As to the policies, it is going to be a tight tricky rope for the finance ministry to walk. The government coffers are running pretty light. On the other hand, enough and more citizens have suffered the punishing brunt of the crippling economic crisis that we are only now beginning to recover from. But from the industry chatter, there are a few themes that do seem to emerge.
1. Agricultural reform
With the intent of eliminating the middle man and more corporate participation, the government introduced three bills as part of their promise to double farm income by 2022. You would have to be living under a rock to be unaware of the farmer resistance and unrest over them. With this budget, it is expected that the government will come out with a different route to farm reforms which would be more amenable to the main stakeholders. This could involve more government spending in the areas of storage or even logistics.
2. Covid cess
One of the proposals that the government is said to have tested with a few committees is the idea of a Covid cess. The pandemic has severely tested the government’s fiscal tensile strength. Even now with the need to fund a widespread vaccination drive, reasons for government spending just don’t seem to reduce. In this background, it is a possibility that a covid cess could be added either in direct taxation (impacting a small salaried chunk of the population) or in GST to tax consumption further.
3. Infrastructure spending
John Maynard Keynes gave the world a lesson to remember when he helped bring the US out of their Great Depression slump by advocating increased government spending and lower taxation. The former is now inextricably linked to a phase of economic recovery, which we find ourselves in. Hence, most industry watchers believe that government spending will play a key role in this budget. However, the proof of this pudding will be much more important. For even while the government announced a huge Rs. 1 Lakh Crore stimulus in the middle of the pandemic last year, it amounted to little actual spending.
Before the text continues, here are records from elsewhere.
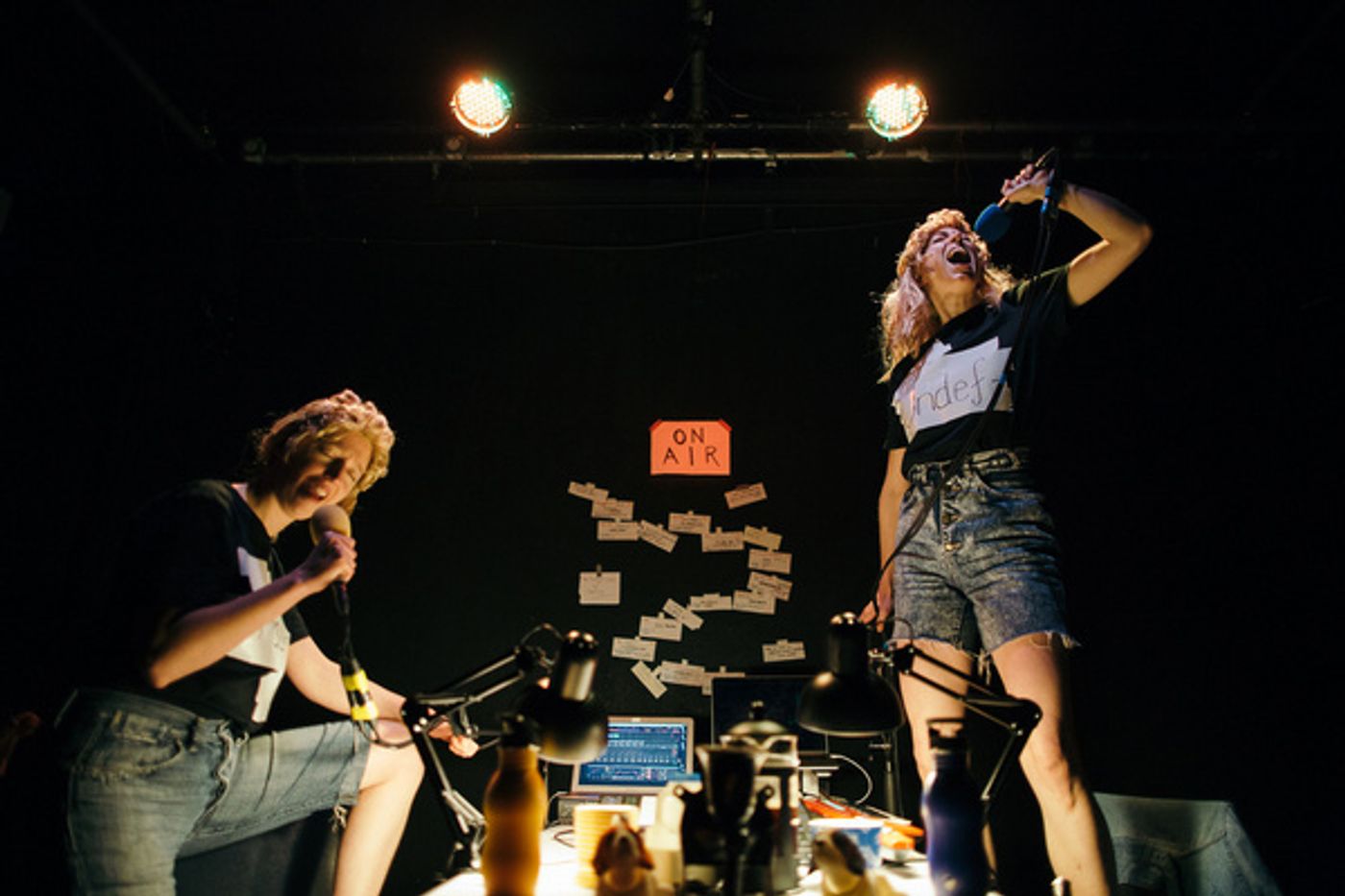 Photo Flash: She Goat Present THE UNDEFINABLE At Camden People's Theatre  Image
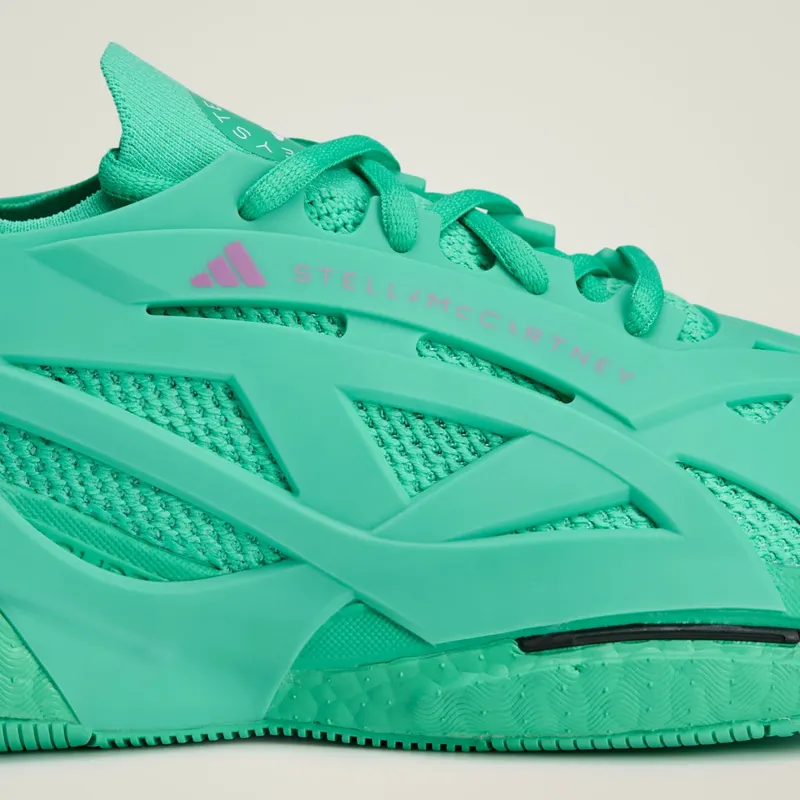 adidas Solarglide by Stella McCartney Bright Green (JH6331)
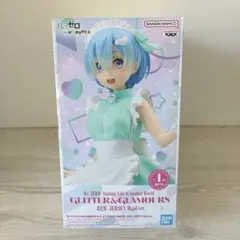 新品 Re:ゼロ GLITTER&GLAMOURS レム フィギュア
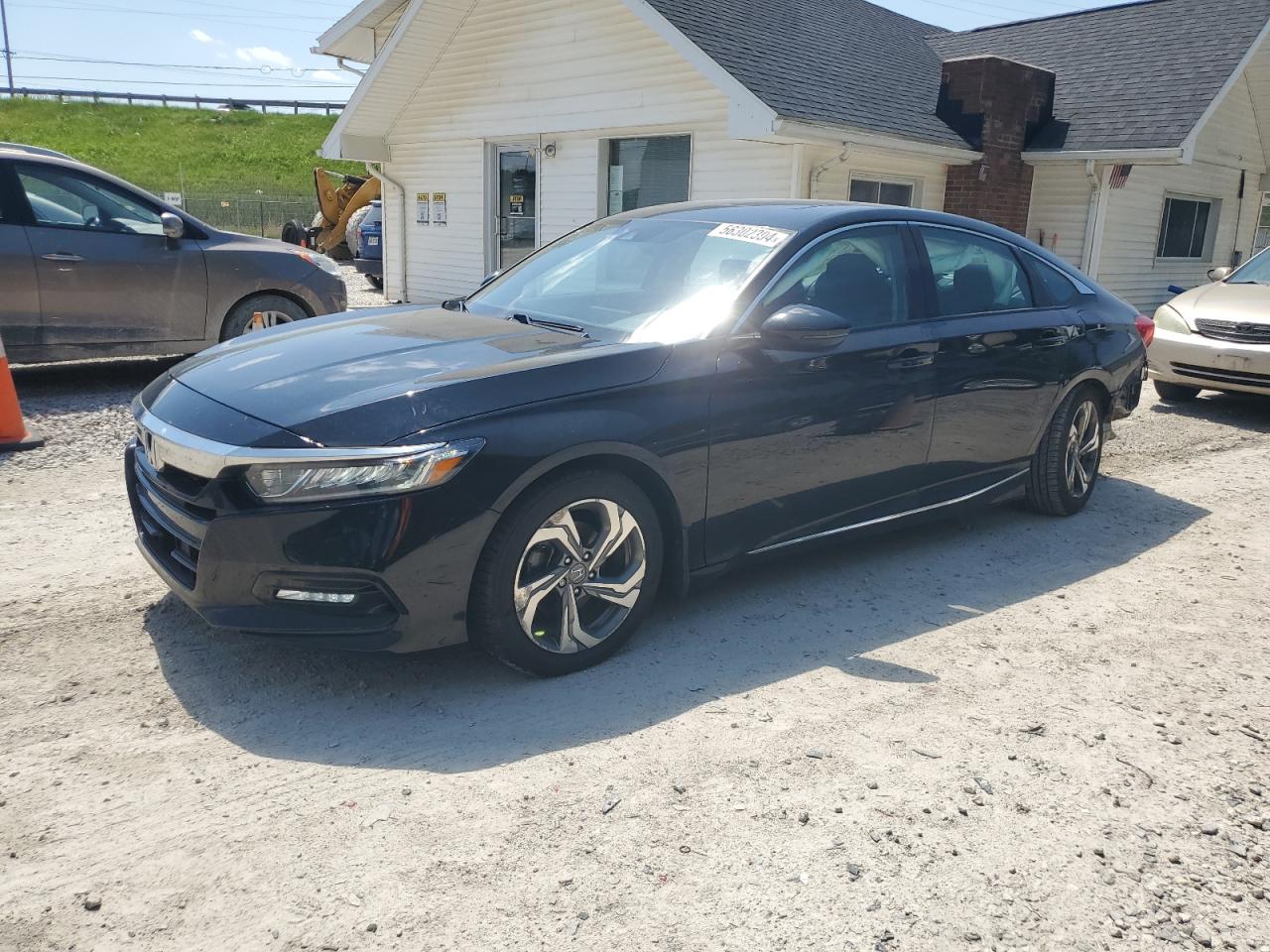 2018 HONDA ACCORD EXL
Thus, this parameter will be keenly watched.
4. New age provisions in taxation
Advocated by Keynes and voted for by popular demand, lower taxation is an evergreen crowd pleaser. However, given the state of the treasury it doesn’t seem like a very practical possibility this time if the sheets have to be balanced. But there have now been whispers of a smart workaround to this. With wfh becoming the rallying phrase of 2020, some believe that this budget could introduce a provision for not taxing spends to make homes more conducive for working. Mind you, this is still a theory floating in the air and only the big day will tell us whether it lands or not.
5. Make in India
One lesson that was globally concluded in 2020 was to diversify manufacturing and not depend solely on one location, namely China. While imbibing the lesson for itself to become atmanirbhar, India also looked at it as an opportunity to attract more production and become a more sizeable factory to the world. One hindrance to this dream oft cited is the red tape and bureaucracy around getting things done, apart from the higher levels of taxation. While some steps were taken to mollify this impression, it is expected that the budget will be more on those lines of boosting local manufacturing and swooping on this opportunity.